I had to ponder a little while before putting down that last statement until I got how it can be so. Usually bundle needs compile time dependencies at run time as well to function correctly. But what if we have an execution path which never gets called at runtime inside our bundle. If that execution path contains imports then these import dependencies will not be needed at run time.

Typically Maven Bundle Plugin is used to incorporate bundle creation at build time. So in this case the general practice I used to follow was to explicitly import obvious dependencies and use a “resolution:=optional” directive with “*” wild card as a catch all mechanism for all other imports. Even if we include some imports which are not needed at runtime we can get away with optional directive since bundle will resolve without them, right?

This is all good and rosy until p2 come in to the picture. Apparently p2 installs bundles exporting optional imports too if it can find them during provisioning. So you end up installing bundles that may  not required at runtime along side the feature. Though generally not disastrous this is a concern if you want to keep your feature installation lean.

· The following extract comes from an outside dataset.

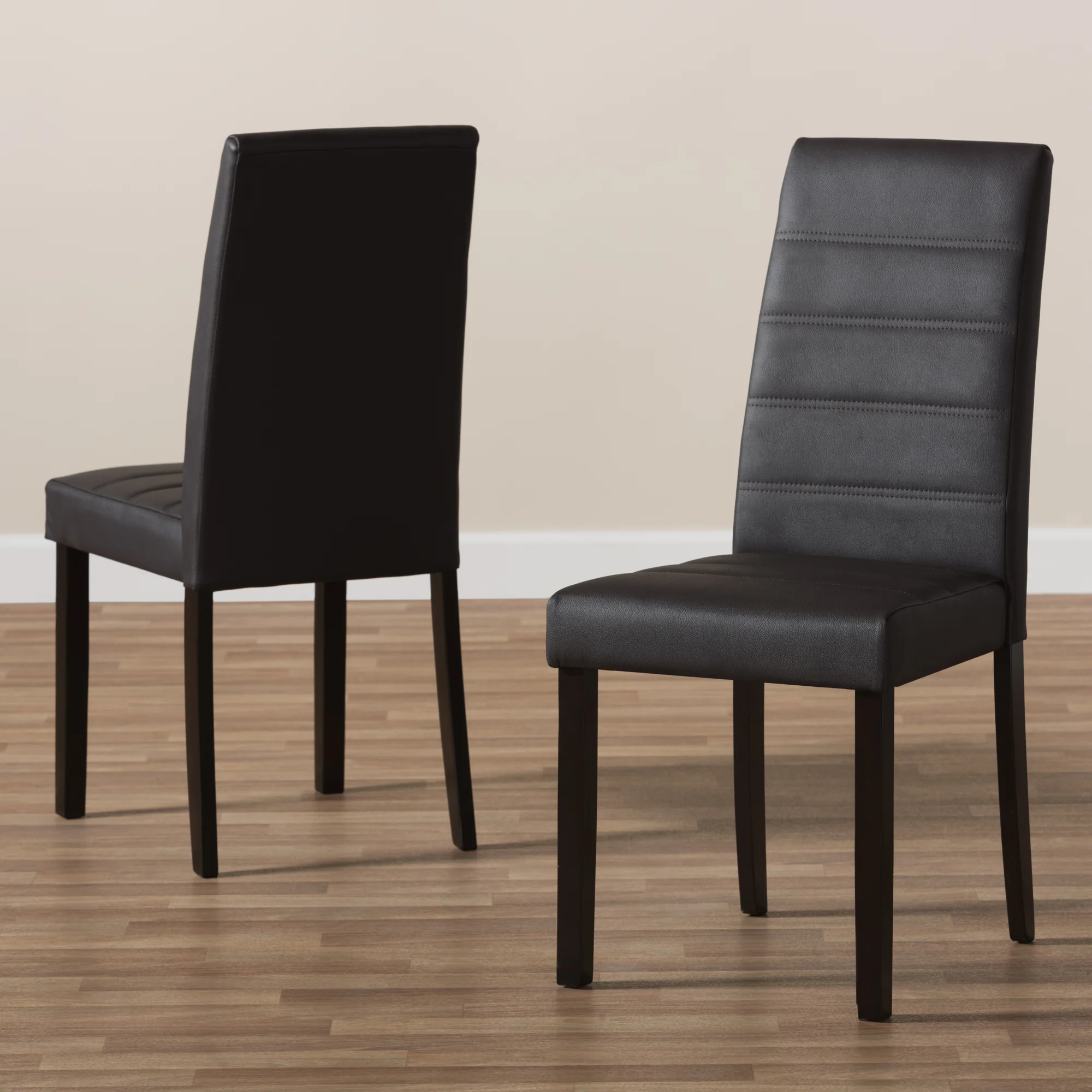 Baxton Studio Lorelle Modern and Contemporary Brown Faux Leather Upholstered Dining Chair (Set of 2) - Image 7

In my case the issue was some unwanted bundle getting mysteriously installed with my feature even though it’s packages are not explicitly imported in any of bundle’s sources. As it turned out I had included a dependency required for tests without specifying it should be in the test scope. So naturally with “*;resolution:=optional” in place the Bundle Plugin dutifully did it job by placing an import in the manifest which led to this particular bundle installation at provisioning time.

Solution was trivial. Place the dependency in test scope and Bundle Plugin did not include an import since test scoped dependencies will not be imported in the manifest at all. Alternatively I could have explicitly unimported the offending packages or make requires.greedy instruction false at feature p2.inf to stop P2  greedily installing optional dependencies [1] though these solutions are hacky which do not deal with the root cause directly in my case. But it’s always to good to have alternatives isn’t it?. :).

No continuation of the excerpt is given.